BANJARMASINPOST.CO.ID, RANTAU - Cara jitu Satpol PP Tapin Kalsel membantu mencegah aksi balap liar yang selama ini bikin resah
Satuan Polisi Pamong Praja (Satpol PP) Kabupaten Tapin, Kalimantan Selatan, membatasi jam operasional pedagang kaki lima (PKL) di kawasan Rantau Baru hingga pukul 23.00 Wita.
Kebijakan ini diterapkan untuk menjaga ketertiban, kebersihan, sekaligus mencegah potensi balap liar yang kerap terjadi pada malam hari.
Kepala Satpol PP Kabupaten Tapin, Mudo Harjuno, mengatakan kebijakan tersebut telah disosialisasikan kepada seluruh pedagang agar tercipta kesamaan persepsi dalam penataan kawasan Rantau Baru.

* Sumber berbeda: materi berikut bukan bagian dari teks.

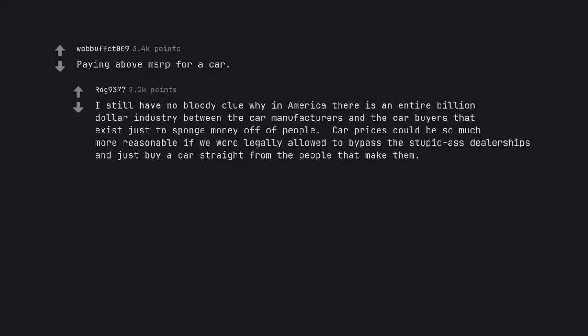Paying above MSRP for a car. I still have no bloody clue why in America there is an entire billion dollar industry between the car manufacturers and the car buyers that exist just to sponge money off of people. Car prices could be so much more reasonable if we were legally allowed to bypass the stupid dealerships and just buy a car straight from the people that make them.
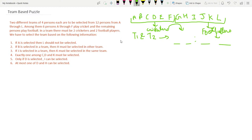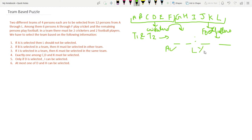Now we need to review all six conditions and form cases. Condition 1: If A is selected in any team, then L should not be selected in any team. You should understand the meaning very carefully — if A is selected, L should not be selected anywhere.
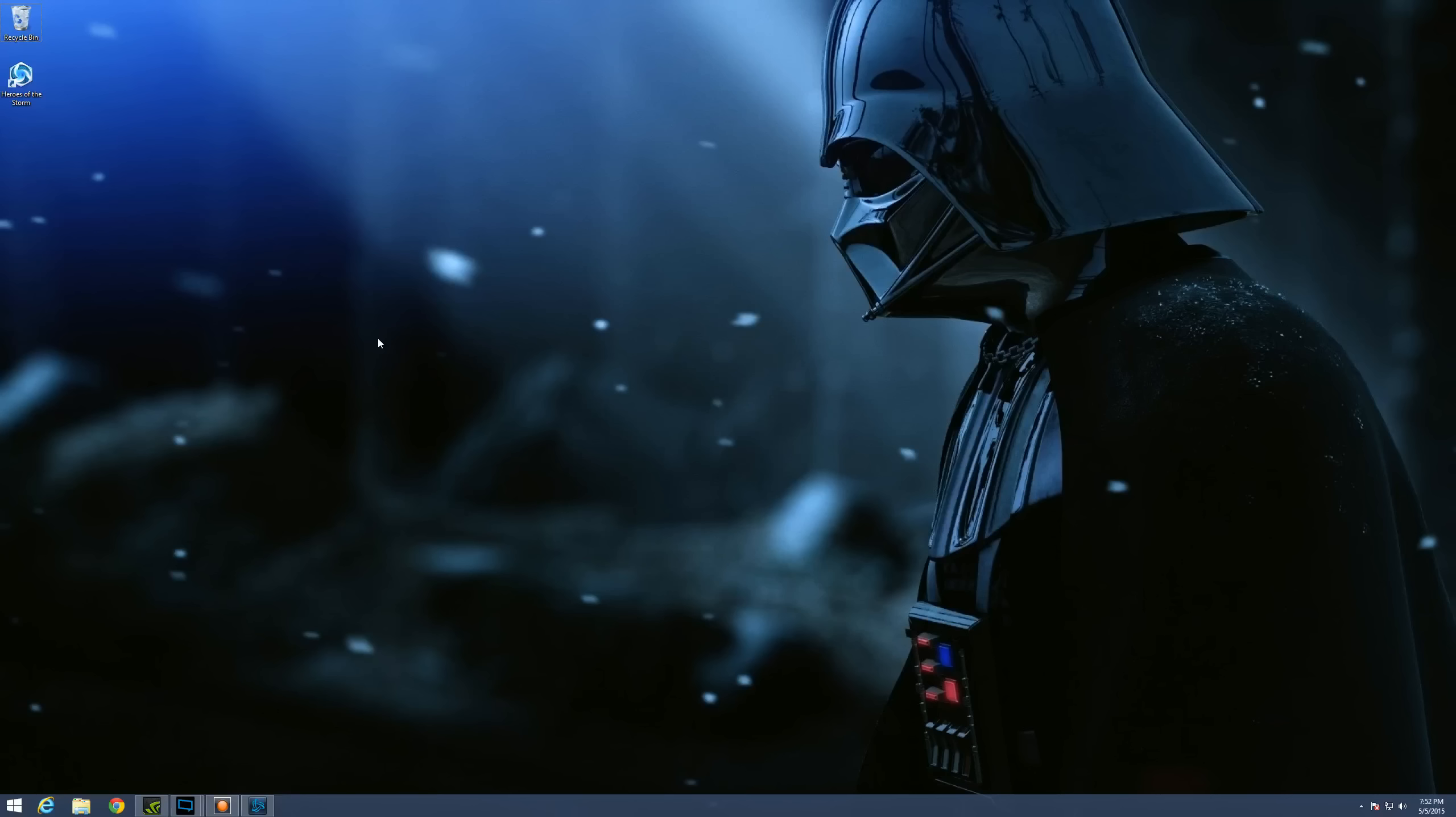Hello everybody, it's DarkVader and we're here to give you a quick tutorial on how to fix an issue with Heroes of the Storm and using SLI.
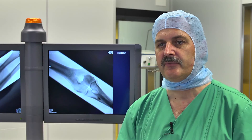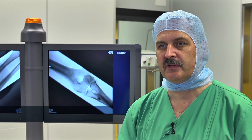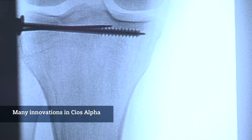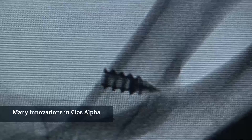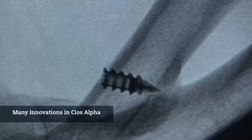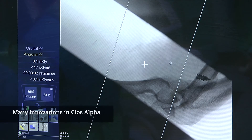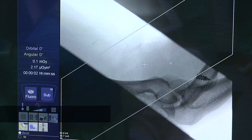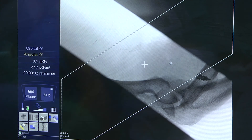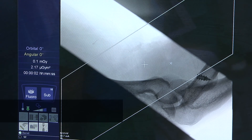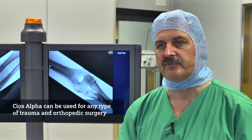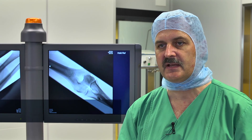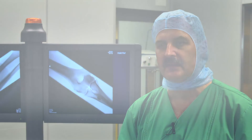Any type of surgery where you can rely on 2D images — with all the improvements of the system, better image quality, larger field of view, collimator system, and rotating images — you can address any type of trauma surgery or orthopedic surgery with that C-arm.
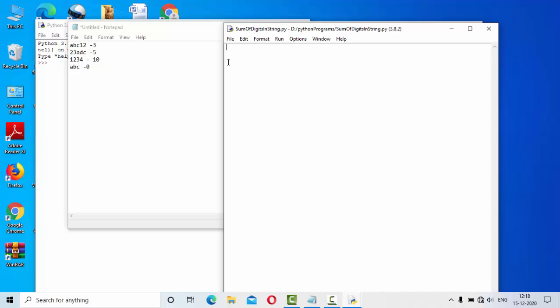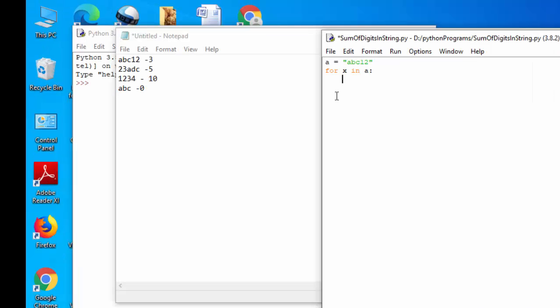If you see, let me take something like ABC12. Then in order to get into each and every character, what you need to do is we need to iterate over each and every character in a string. So for that I am taking a for loop. So it will take one character in each iteration.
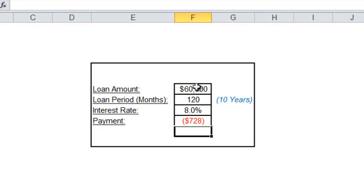Here you need to do some reverse calculations and figure out the loan period in months based on a desired formula result, which is the $500 that you can afford as a monthly payment. Since Excel uses hidden logic or formula to calculate loan payment, you need to use another feature that performs the reverse calculation for you, which is the Goal Seek feature.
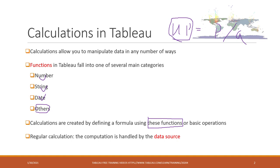There are regular calculations. The one that we calculated the unit price is one type of regular calculation, which is handled by the data source.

Baca juga: Isi Kecemasan Warga Desa Padang Tanahlaut Kalsel Pasca Muncul Asap Putih Saat Kebakaran Lahan
Baca juga: Seorang Pria Ditemukan Tergeletak di Jalan Sungai Kupang HSS, Dugaan Sementara Korban Perkelahian
Menurutnya, pembatasan jam operasional dilakukan agar aktivitas perdagangan tidak berlangsung hingga larut malam yang berpotensi memicu kerumunan, balap liar, hingga kecelakaan lalu lintas.
"Pembatasan jam operasional sampai pukul 23.00 Wita dilakukan agar tidak terjadi kerumunan hingga larut malam yang berpotensi memicu balap liar dan kecelakaan lalu lintas," ujar Mudo, Sabtu (11/7/2026).
Selain mengatur waktu berjualan, Satpol PP juga mengingatkan para PKL untuk menjaga kebersihan lingkungan serta tidak meninggalkan gerobak maupun peralatan dagangan setelah selesai berjualan.
Menurut Mudo, barang-barang yang ditinggalkan di lokasi tidak hanya menghambat petugas kebersihan, tetapi juga dapat membahayakan pengguna jalan.
Ia menjelaskan, Pemerintah Kabupaten Tapin selama ini tidak memungut retribusi resmi kepada PKL di kawasan Rantau Baru.
Karena itu, para pedagang diharapkan ikut bertanggung jawab menjaga kebersihan dan ketertiban sebagai bentuk komitmen bersama.
Dalam sosialisasi tersebut, Satpol PP juga menerima sejumlah masukan dari para pedagang.
Di antaranya usulan pembentukan paguyuban PKL Rantau Baru serta penerbitan kartu tanda pengenal bagi pedagang yang berjualan di kawasan tersebut.
Usulan tersebut akan dikoordinasikan bersama Dinas Perdagangan Kabupaten Tapin.
"Keberadaan UMKM tentu harus kita dukung karena berkontribusi terhadap perekonomian daerah.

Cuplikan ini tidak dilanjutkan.